GPU Cuda out of memory error

I am getting the following error message in the vscode app, when I run a jupyter notebook, using python 3.11.3 as a jupyter kernel:

‘“name”: “OutOfMemoryError”,
“message”: “CUDA out of memory. Tried to allocate 1024.00 MiB (GPU 0; 8.00 GiB total capacity; 7.00 GiB already allocated; 0 bytes free; 7.13 GiB reserved in total by PyTorch) If reserved memory is >> allocated memory try setting max_split_size_mb to avoid fragmentation. See documentation for Memory Management and PYTORCH_CUDA_ALLOC_CONF”’

I ran the following iterative tests, disabling each GPU one by one:

Test 1.
NVIDIA GeForceRTX 2080 1 disabled, 2, 3 and 4 enabled. Run the segment/mask step in the ‘Segment Anything Model’ jupyter notebook in VSCODE. Run successful, no errors.

Test 2.
NVIDIA GeForceRTX 2080 2 disabled, 1, 3 and 4 enabled. Run the segment/mask step in the ‘Segment Anything Model’ jupyter notebook in VSCODE. Run successful, no errors.

Test 3.
NVIDIA GeForceRTX 2080 3 disabled, 1, 2 and 4 enabled. Run the segment/mask step in the ‘Segment Anything Model’ jupyter notebook in VSCODE. Run unsuccessful, CUDA Out of memory error (‘Test 3 error’ attached).

Test 4.

NVIDIA GeForceRTX 2080 4 disabled, 1, 2 and 3 enabled. Run the segment/mask step in the ‘Segment Anything Model’ jupyter notebook in VSCODE. Run unsuccessful, Unknown error ‘Test 4, 5 and 6 error’ attached.

Test 5.

NVIDIA GeForceRTX 2080 1 disabled, 2, 3 and 4 enabled. Run the segment/mask step in the ‘Segment Anything Model’ jupyter notebook in VSCODE. Run unsuccessful, Unknown error ‘Test 4, 5 and 6 error’ attached.

Test 6.

NVIDIA GeForceRTX 2080 2 disabled, 1, 3 and 4 enabled. Run the segment/mask step in the ‘Segment Anything Model’ jupyter notebook in VSCODE. Run unsuccessful, Unknown error ‘Test 4, 5 and 6 error’ attached.
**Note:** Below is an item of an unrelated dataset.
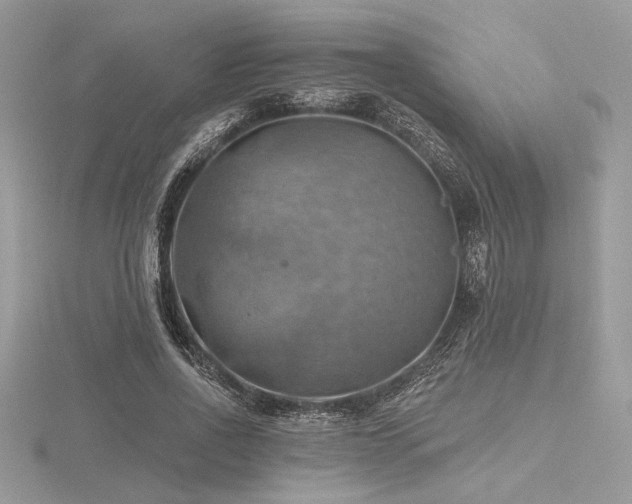 X0000116490734200912091420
To me these results don’t point to an issue with a specific GPU, but instead to a problem that is exacerbated as the number of runs increases. Perhaps a memory cache issue… although I have integrated a line to clear the cache, and the error persists. Has anyone come across this before?

Thanks,

Karl

I don’t think you’ll find many pytorch experts here. You may get better results on a forum for pytorch like this one.

Thanks for your response, I have posted in the forum you mentioned.

Karl